Por outro lado, o constitucionalista realça que é uma prática desde sempre do Chefe de Estado – no fundo um pouco a ideia de que o “Presidente é ainda o rei que pode fazer tudo” –, receber pedidos dos cidadãos. “Antes era mais por carta, agora por email, mas é a mesma ideia. E, curiosamente, os candidatos em campanha presidencial também prometem muitas vezes aquilo que não está no âmbito das suas competências", nota ainda.
Não tendo os Presidentes da República poder executivo, reencaminham os pedidos que lhe são formulados para o primeiro-ministro e Governo, que depois distribuirá pelo ministro ou o secretário de Estado competente em função do sector, a quem cabe dar ou não seguimento aos respetivos pedidos. “Eu diria que devem chegar milhares de pedidos a Belém. Aqui há só uma particularidade, é que veio através do filho do Presidente. Esse é que é o problema e os esclarecimentos que o PR tem dado não têm sido felizes.”

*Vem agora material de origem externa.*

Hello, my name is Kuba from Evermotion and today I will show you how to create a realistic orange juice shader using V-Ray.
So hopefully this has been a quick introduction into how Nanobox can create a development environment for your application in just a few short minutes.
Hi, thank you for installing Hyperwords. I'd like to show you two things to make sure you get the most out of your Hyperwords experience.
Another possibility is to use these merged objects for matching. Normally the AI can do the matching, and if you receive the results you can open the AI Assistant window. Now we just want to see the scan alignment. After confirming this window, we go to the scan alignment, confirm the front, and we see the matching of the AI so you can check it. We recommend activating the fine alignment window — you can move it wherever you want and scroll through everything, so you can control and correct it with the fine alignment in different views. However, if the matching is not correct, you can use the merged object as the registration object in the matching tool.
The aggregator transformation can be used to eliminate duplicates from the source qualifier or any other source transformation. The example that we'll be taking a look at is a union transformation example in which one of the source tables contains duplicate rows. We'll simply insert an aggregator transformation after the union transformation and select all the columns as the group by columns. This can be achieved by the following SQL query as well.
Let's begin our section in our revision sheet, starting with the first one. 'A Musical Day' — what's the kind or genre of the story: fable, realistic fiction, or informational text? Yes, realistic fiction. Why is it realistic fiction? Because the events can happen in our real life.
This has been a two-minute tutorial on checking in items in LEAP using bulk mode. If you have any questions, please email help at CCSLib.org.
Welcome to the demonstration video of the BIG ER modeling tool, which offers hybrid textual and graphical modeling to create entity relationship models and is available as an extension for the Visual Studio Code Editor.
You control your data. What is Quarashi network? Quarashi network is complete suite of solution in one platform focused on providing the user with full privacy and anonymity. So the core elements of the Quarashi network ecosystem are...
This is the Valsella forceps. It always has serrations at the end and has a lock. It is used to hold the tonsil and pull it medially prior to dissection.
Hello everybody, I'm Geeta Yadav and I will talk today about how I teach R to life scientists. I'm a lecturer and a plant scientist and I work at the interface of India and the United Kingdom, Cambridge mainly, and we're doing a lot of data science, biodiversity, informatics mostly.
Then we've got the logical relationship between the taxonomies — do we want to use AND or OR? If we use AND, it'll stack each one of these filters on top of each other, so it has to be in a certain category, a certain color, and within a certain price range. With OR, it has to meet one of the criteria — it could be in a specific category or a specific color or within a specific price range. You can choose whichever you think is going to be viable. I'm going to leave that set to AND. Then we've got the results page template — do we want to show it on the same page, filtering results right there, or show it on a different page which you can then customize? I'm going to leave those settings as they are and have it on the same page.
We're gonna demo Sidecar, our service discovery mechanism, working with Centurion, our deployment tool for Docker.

Imunidade parlamentar de Marta Temido e António Sales pode ser levantada
O PS chumbou esta quinta-feira as audições à ex-ministra da Saúde Marta Temido e ao secretário de Estado António Sales, no âmbito da polémica das gémeas que sofrem de Atrofia Muscular Espinhal e a quem foi disponibilizado um medicamento, que custa cerca de 2 milhões de euros. Mas a Iniciativa Liberal (IL) recorreu ao direito potestativo para forçar a audição dos dois ex-governantes.
Entretanto, o Chega avançou com um requerimento enviado à presidente da Comissão da Transparência e Estatuto dos Deputados, a socialista Alexandra Leitão, para pedir a verificação da legalidade da conduta de Temido e Sales, a quem cabe a competência de aprovar ou não um eventual levantamento da imunidade parlamentar, que teria de ser confirmada em plenário.
Se a questão se colocar a partir de 15 de janeiro caberá, por sua vez, à Comissão Permanente dar luz verde ou não ao levantamento da imunidade parlamentar dos dois deputados socialistas. “Não se pode parar o país, neste caso a Justiça. Por isso, o regimento da Assembleia da República prevê essa situação”, observa Duarte Pacheco, deputado do PSD e secretário da mesa da AR.
Membro também da CP, Duarte Pacheco frisa que a regra da maioria está salvaguardada no órgão que funciona durante o período em que o Parlamento se encontra dissolvido ou fora do funcionamento efetivo da AR. "Cabe assim à Comissão Permanente exercer os poderes da Assembleia relativamente ao mandato dos deputados, sem prejuízo da competência própria do Presidente da Assembleia da República e da comissão parlamentar competente", pode ler-se no regimento.
A CP pode também dar autorização a deslocações ao estrangeiro do chefe de Estado, uma das últimas competências do órgão, em vigor desde a presidência de Assunção Esteves. Em dezembro de 2013, a AR teve que reunir-se ainda numa sessão plenária extraordinária, que durou cerca de cinco minutos, só para dar luz verde ao projeto de resolução que autorizava a deslocação de Cavaco Silva a África do Sul, no âmbito das cerimónias fúnebres de Nelson Mandela.